Keep trying to remove the trap arm, cut it, or give up?
January 17, 2013 4:21 PM   Subscribe

60-year-old house, trap arm and drain/vent are galvanized, trap arm is rusty and I want to remove it. Or should I cut it, or hire someone to do it for me?

After a leak, I'm replacing floor and some wall in a small bathroom, and the 60-year-old galvanized trap arm (well, the 4" pipe screwed into the drain/vent) is rusty inside (no surprise), with sink-end threads half-gone.

I have a new 4" galvanized piece ready to go, but I can't get the old one out. So far I've soaked it in penetrating lubricant and tried to wrench it off, but it won't budge in the slightest. The button board is already down, so I have good access to the drain/vent as well as the trap arm, although the incoming lines do limit wrenching room somewhat.

I've narrowed it down to four choices:

1. Keep soaking it and trying it over the next few days, with a longer wrench and a bar of pipe. Cost: $40 for the wrench, a little more for the pipe, and the frustration of having spent that money if I still can't get it off.
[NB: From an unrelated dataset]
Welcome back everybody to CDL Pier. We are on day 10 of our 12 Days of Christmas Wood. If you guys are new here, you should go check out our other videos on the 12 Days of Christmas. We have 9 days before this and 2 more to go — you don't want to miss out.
2. Try a torch and a plumber's candle, with those additional costs (as I have neither), and the same potential frustration.
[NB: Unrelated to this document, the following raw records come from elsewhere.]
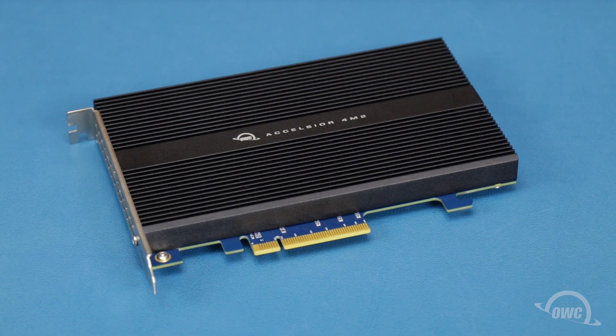Hello and welcome to our instructional series of videos. In this installment, we'll be showing you how to install M2 SSDs in the OWC Excelsior 4M2 PCIe card. We've already gathered our materials and are working on a soft static-free surface. We're now ready to begin.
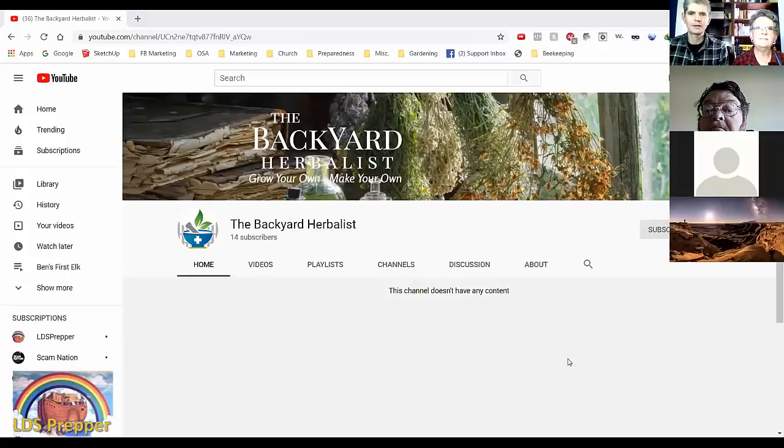She has a tagline — I'm going to have to coach her here, she's not used to doing things on YouTube. Her YouTube channel is called The Backyard Herbalist, and you can get there by going to thebackyardherbalist.net. Her tagline is 'Grow your own, make your own.' There are a lot of great herbs out there, but if you are dependent on getting your herbs from somebody else, that is a huge bottleneck. She wants to help people learn how to grow their own herbs and then how to use those herbs.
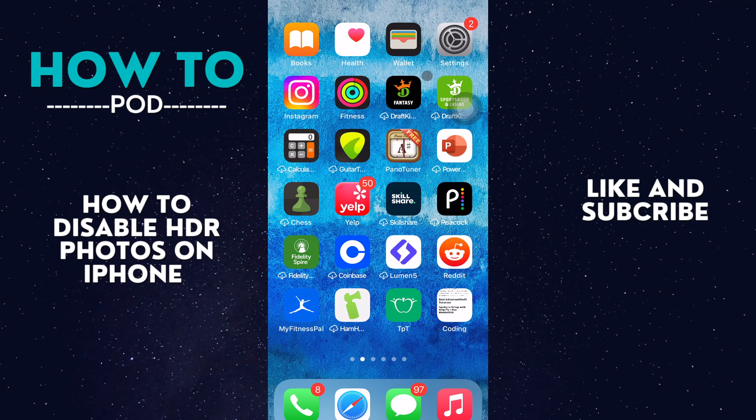Today I'm going to show you how you can disable Smart HDR photos on your iPhone camera. This is where they take three different exposures and blend them together for the best photo. However, sometimes it takes up a lot of space, so you might want to disable it.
3. Rent a sawzall with a metal-cutting blade and hack through the pipe, leaving an inch that I can attach a PVC adapter to. Beyond the rental cost, I'll still have an inch of rusty pipe that'll go bad someday, and I hate to make this a short-term solution.

4. Hire a plumber, who may do #1, #2 or #3 above -- I don't know which -- and will presumably charge me more than any other solution. If it gets the pipe out, and I wouldn't have been able to, then great, it's worth it...but if he's just going to cut it, that's an expensive price to pay for a short-term solution, and if there's a good chance I can get it off, I hate to pay the money.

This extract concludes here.